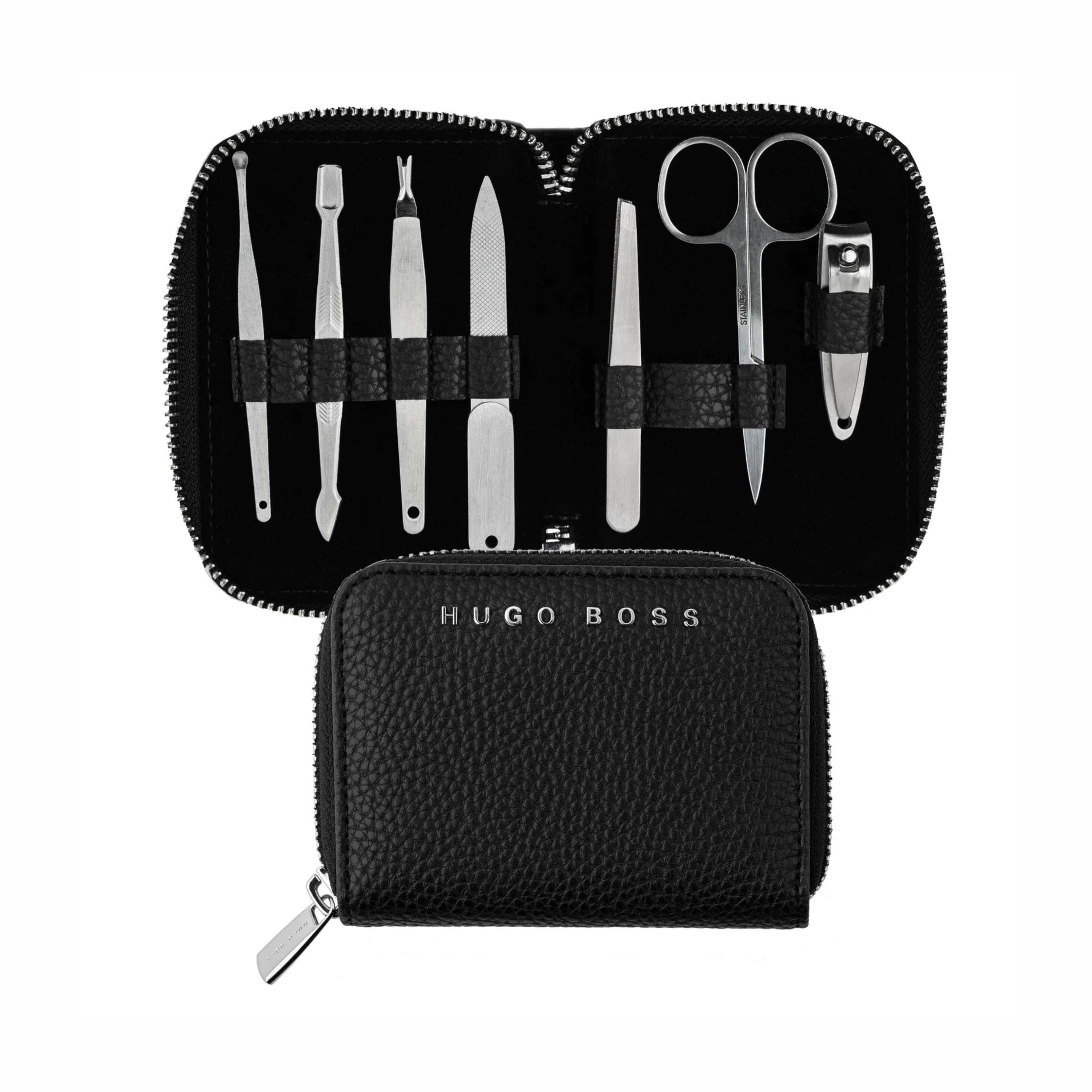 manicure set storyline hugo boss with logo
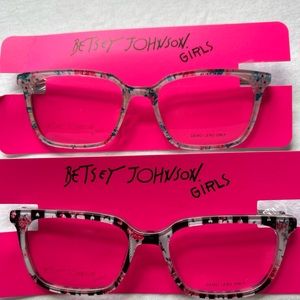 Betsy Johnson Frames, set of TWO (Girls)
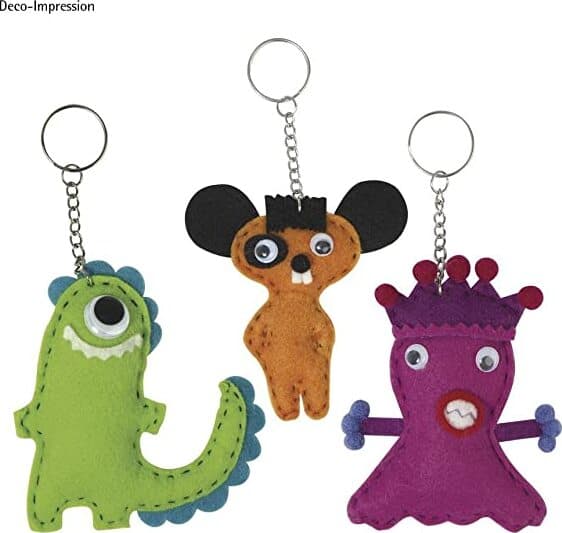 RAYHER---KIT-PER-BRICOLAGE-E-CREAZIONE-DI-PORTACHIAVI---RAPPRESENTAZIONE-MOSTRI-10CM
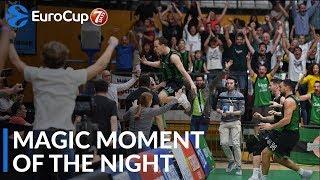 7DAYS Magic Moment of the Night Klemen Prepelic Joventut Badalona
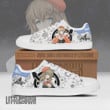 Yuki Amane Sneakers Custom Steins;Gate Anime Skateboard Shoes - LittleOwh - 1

■ **EXERCISE DIRECTIONS**
Transcribe all of the lines above exactly as given. The pictures stay out.

■ **TASK SOLUTION**
 manicure set storyline hugo boss with logo
 Betsy Johnson Frames, set of TWO (Girls)
 RAYHER---KIT-PER-BRICOLAGE-E-CREAZIONE-DI-PORTACHIAVI---RAPPRESENTAZIONE-MOSTRI-10CM
 7DAYS Magic Moment of the Night Klemen Prepelic Joventut Badalona
 Yuki Amane Sneakers Custom Steins;Gate Anime Skateboard Shoes - LittleOwh - 1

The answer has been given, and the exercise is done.